Also, due to the potential for corrosion of the attachment bolts by
the exhaust flue gases, the side wall of the blower housing is
usually positioned between the attachment bolts and the interior of
the blower housing. For these reasons, the effective air volume of
the blower is generally restrained in the radial dimension by the
standard bolt pattern of existing furnaces.
One known blower for a high efficiency furnace is shown in FIGS.
1-4, and generally includes a blower housing 20 having a housing
body 22 and a housing cover 24. Housing body 22 is formed as a
molded plastic component, having a cylindrical outer wall 26, a
planar top wall 28, and an axially recessed, planar wall 30 to
which electric motor 32 is mounted. Housing body 22 further
includes an integral, tubular exhaust transition 34 and outlet
projecting tangentially therefrom, to which an exhaust pipe (not
shown) is connected. Housing cover 24 is a substantially flat,
molded plastic circular plate which is attached to housing body 22
by being captured between housing body 22 and wall 36 of a furnace,
as shown in FIG. 4. Specifically, after blower housing 20 is
positioned near the furnace wall 36 as shown in the left side of
FIG. 4, a plurality of bolts 38 are inserted through respective
mounting lugs 40 in housing body 22 and into a set of corresponding
holes 42 in furnace wall 36 to thereby attach the blower housing 20
to the furnace, as shown in the right side of FIG. 4. Holes 42 in
furnace wall 36 are disposed in a standard pattern with a
predetermined, fixed diameter.
An impeller 44, shown in FIGS. 2-4, is disposed within the interior
of blower housing 20 between housing body 22 and housing cover 24,
and is mounted for rotation upon drive shaft 46 of motor 32. In
operation, rotation of impeller 44 by motor 32 draws exhaust gases
through a centrally disposed circular inlet 48 in housing cover 24
from the furnace into the blower housing 20, and the exhaust gases
are discharged through the outlet of exhaust transition 34.
Although the foregoing blower housing has proven to be effective
for use with high efficiency furnaces, improvements to same are
desired.
In blower housing 20, the diameter of outer wall 26 and the
corresponding radial dimension of blower housing 20 is limited by
the standard bolt pattern of the furnace. Therefore, forming outer
wall 26 to create a radially-expanding diffuser section, in which
the distance between the axis of impeller 44 and outer wall 26
constantly increases in the radial direction around the
circumference of blower housing from cutoff 50 (FIG. 2) toward
exhaust transition 34, is not practicable for converting the
velocity pressure of the air flow into static pressure. Thus,
because the size of blower housing 20 is effectively fixed in the
radial direction, other means of diffusing the velocity pressure of
the air flow must be utilized.
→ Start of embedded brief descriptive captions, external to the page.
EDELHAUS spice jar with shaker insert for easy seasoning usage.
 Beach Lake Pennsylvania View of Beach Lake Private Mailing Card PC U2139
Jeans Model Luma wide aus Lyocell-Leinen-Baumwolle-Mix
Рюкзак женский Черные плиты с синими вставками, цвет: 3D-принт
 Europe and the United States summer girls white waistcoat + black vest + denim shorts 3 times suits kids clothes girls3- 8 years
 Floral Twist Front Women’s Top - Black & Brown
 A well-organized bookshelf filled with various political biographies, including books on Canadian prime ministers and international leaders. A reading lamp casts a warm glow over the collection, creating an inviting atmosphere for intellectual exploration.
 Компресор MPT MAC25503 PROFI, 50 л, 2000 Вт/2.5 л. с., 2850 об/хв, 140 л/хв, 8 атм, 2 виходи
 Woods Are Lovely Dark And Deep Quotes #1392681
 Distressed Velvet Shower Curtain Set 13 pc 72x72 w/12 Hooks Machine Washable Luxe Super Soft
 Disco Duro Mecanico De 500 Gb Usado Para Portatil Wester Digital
A further, related design
consideration is the desirability to maximize the diameter and
overall size of the impeller used with the blower housing.
As described below, the cylindrical outer wall 26 of blower housing
20 effectively sets up a diffusion section within the air flow so
that blower housing 20 can accommodate the radial air flow from
impeller 44. Referring to FIG. 2, air flow within blower housing is
shown by the several arrows. The cylindrical outer wall 26 of
blower housing 20 causes the air flow to have a high pressure and
very low or no velocity flow from cutoff 50 of blower housing 20 to
about a third of the way around the circumference of outer wall 26.
As shown by the air flow arrows in FIG. 2, some air flow may
actually go backwards from this high pressure region toward cutoff
50 and exhaust transition 34. Air flow tends to stagnate in the
blade passages of impeller 44 as the impeller blades pass this high
pressure area. About a third of the way around the circumference of
outer wall 26 from cutoff 50, the air starts to move and then
accelerate around the remainder of the circumference of blower
housing 20 towards the outlet of exhaust transition 34. Thus, as
shown by the air flow arrows in FIG. 2, the air flow through the
blade passages of impeller 44 only exits the blade passages in
about two-thirds of the blade passages of impeller 44 at any given
time and, as impeller 44 rotates, the air flow in the blade
passages thereof is inefficiently surging to full flow and then
back to a stop during every revolution of impeller 44. In this
manner, blower housing 20 sets up its own "diffuser" section by
creating asymmetric, cyclic flow through the blade passages of
impeller 44, which is not optimally efficient.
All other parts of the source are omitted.